Single by Eddy Arnold and his Tennessee Plowboys
- B-side: "I Couldn't Believe It Was True"
- Published: May 11, 1947 by Millene Music, Nashvillle
- Released: April 12, 1947
- Recorded: September 24, 1946
- Studio: RCA Victor 24th Street, New York City
- Genre: Country
- Length: 2:33
- Label: RCA Victor 20-2241
- Songwriter(s): Fred Rose, Zeb Turner

Eddy Arnold and his Tennessee Plowboys singles chronology
| "What Is Life Without Love" (1946) | "It's A Sin" (1947) | "I'll Hold You in My Heart (Till I Can Hold You in My Arms)" (1947) |

= It's a Sin (Eddy Arnold song) =

1947 song by Zeb Turner and Fred Rose

"It's a Sin" is a country song written by country guitarist Zeb Turner and music publisher Fred Rose. The 1947 version by Eddy Arnold was his second number one on the Country & Western charts, spending five weeks at number one and a total of thirty-eight weeks on the chart.
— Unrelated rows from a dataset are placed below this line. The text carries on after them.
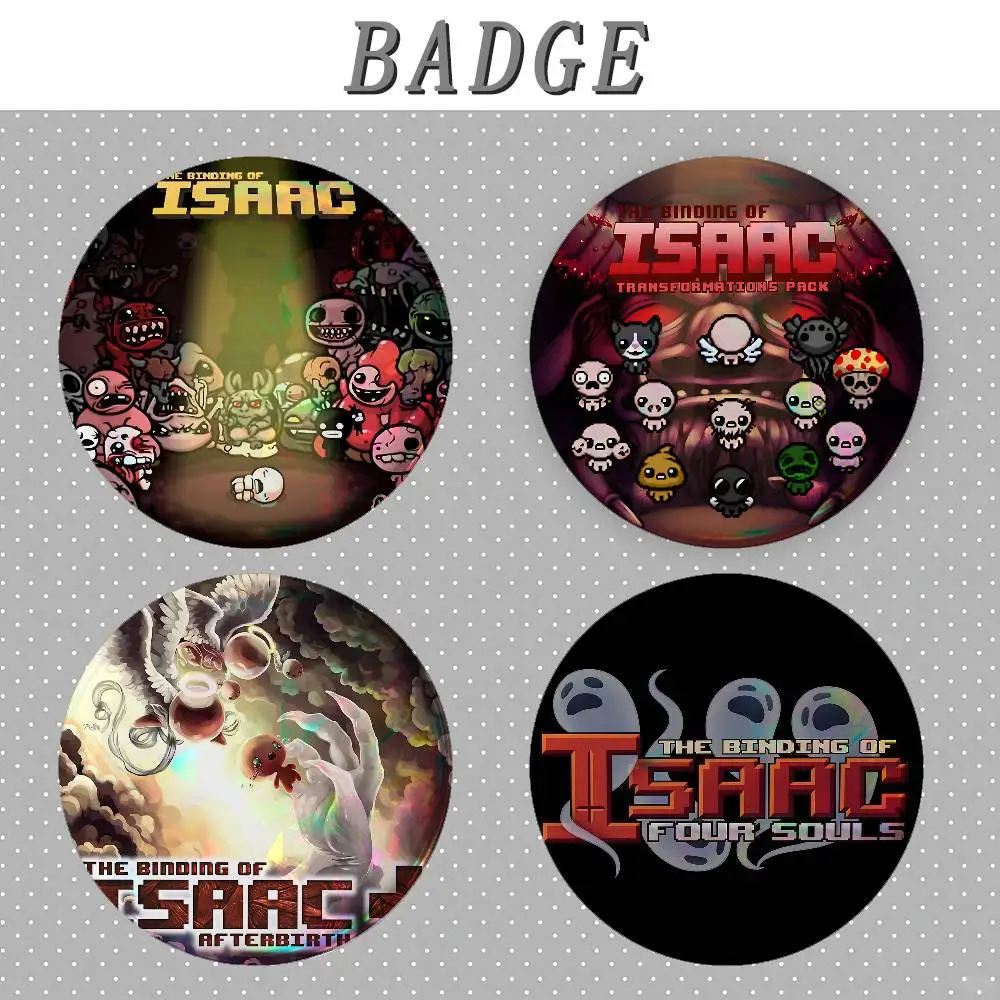 Game The Binding Of I-Isaac Badges Tinplate Soft Button Pin Brooch Metal Badge Custom Jewelry Accessories Hat Bag Lapel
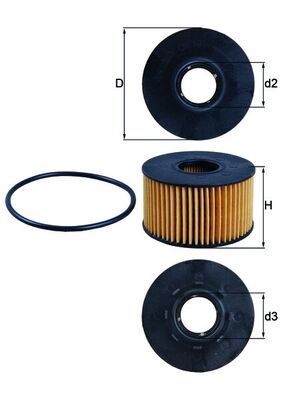 MAHLE Oliefilter ox191d Filterindsats diameter_mm_200|Diameter [mm]|90,5 height_mm_209|Højde [mm]|59 inner_diameter_2_mm_996|Indvendig diameter 2 [mm]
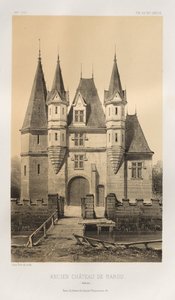 Pl. 88, Ancien Château de Barou Calvados, 1860 von Victor Petit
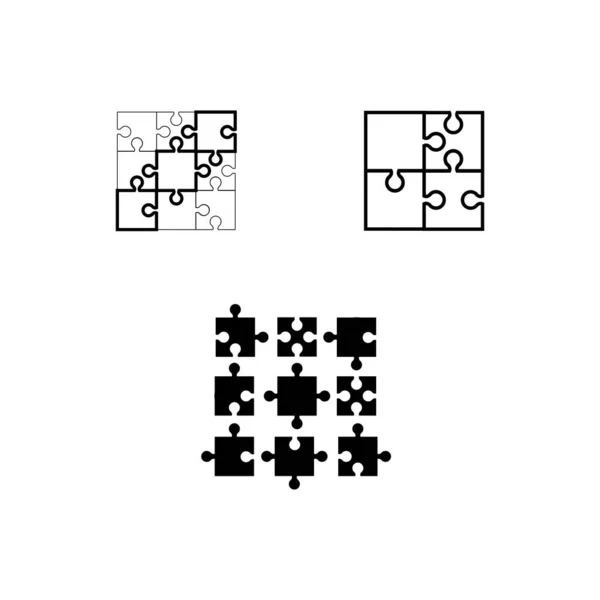 Vektorová Ilustrace Vektoru Puzzle — Stockový vektor
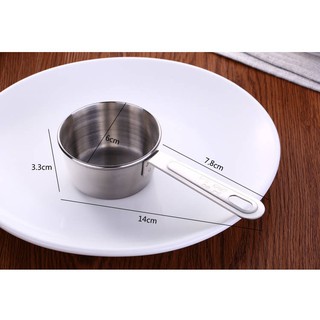Stainless steel measuring cup spoon four-piece scale cup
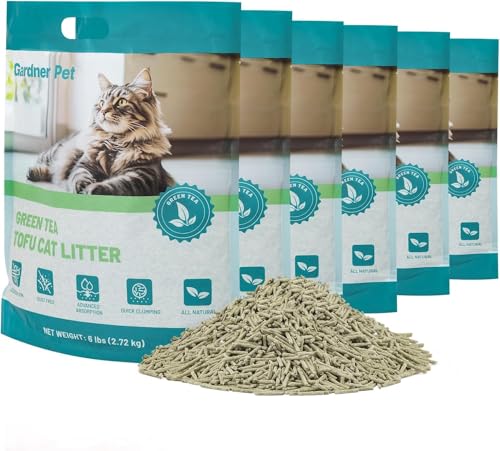 Tofu cat litter with green tea extract,natural cat litter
The B-side of "It's a Sin", a song entitled, "I Couldn't Believe it Was True" would peak at number four on the same chart.

A cover by Marty Robbins peaked at number five on the Billboard Hot Country Singles chart in 1969.

It has also been recorded by Bill Haley & His Comets (1957), Elvis Presley (1961), Don Gibson (1962), George Jones (1965), Dottie West (1969), Del Wood (1980), and Willie Nelson (1995).